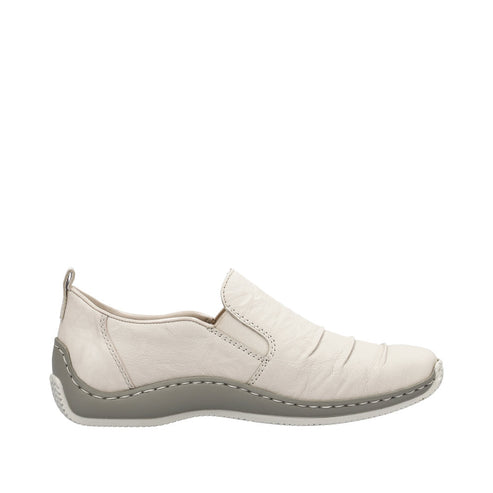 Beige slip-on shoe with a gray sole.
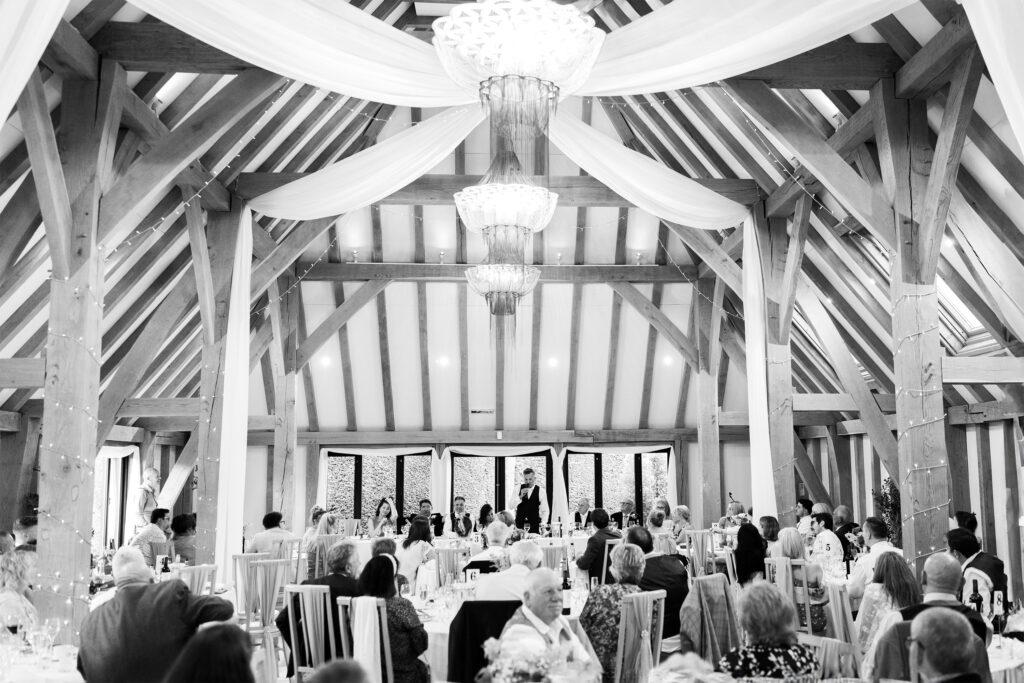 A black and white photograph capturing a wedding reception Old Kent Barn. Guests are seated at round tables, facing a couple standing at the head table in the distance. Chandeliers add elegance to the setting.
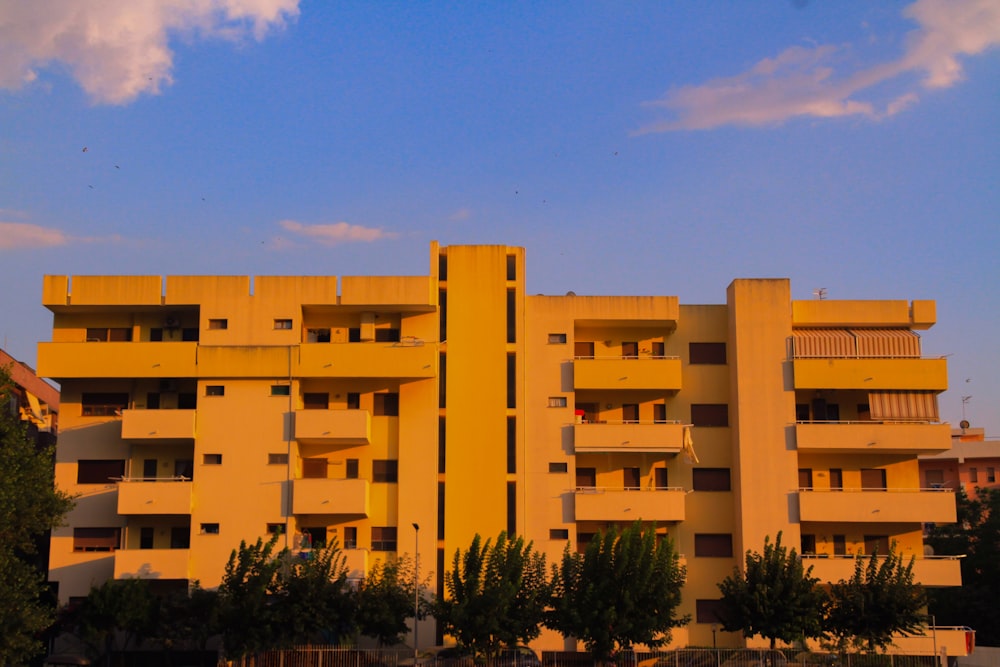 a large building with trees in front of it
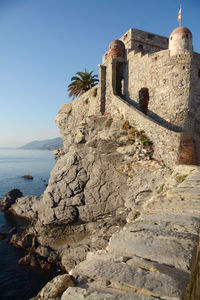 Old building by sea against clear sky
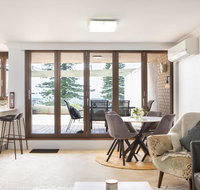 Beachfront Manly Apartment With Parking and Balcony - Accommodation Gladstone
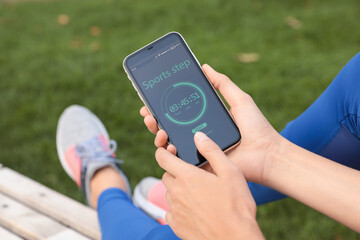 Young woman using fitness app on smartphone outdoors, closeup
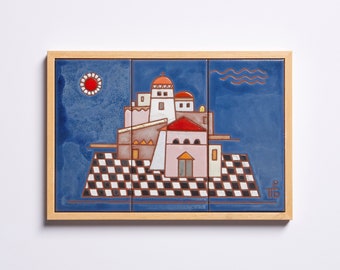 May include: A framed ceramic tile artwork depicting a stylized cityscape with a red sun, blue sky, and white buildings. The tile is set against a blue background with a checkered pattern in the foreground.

——————

Excluding any pictures, print exactly the lines of the listing above from the line with "Beachfront Manly Apartment" to the line with "Young woman using", both ends included.

• _Expected output_
 Beachfront Manly Apartment With Parking and Balcony - Accommodation Gladstone
 Young woman using fitness app on smartphone outdoors, closeup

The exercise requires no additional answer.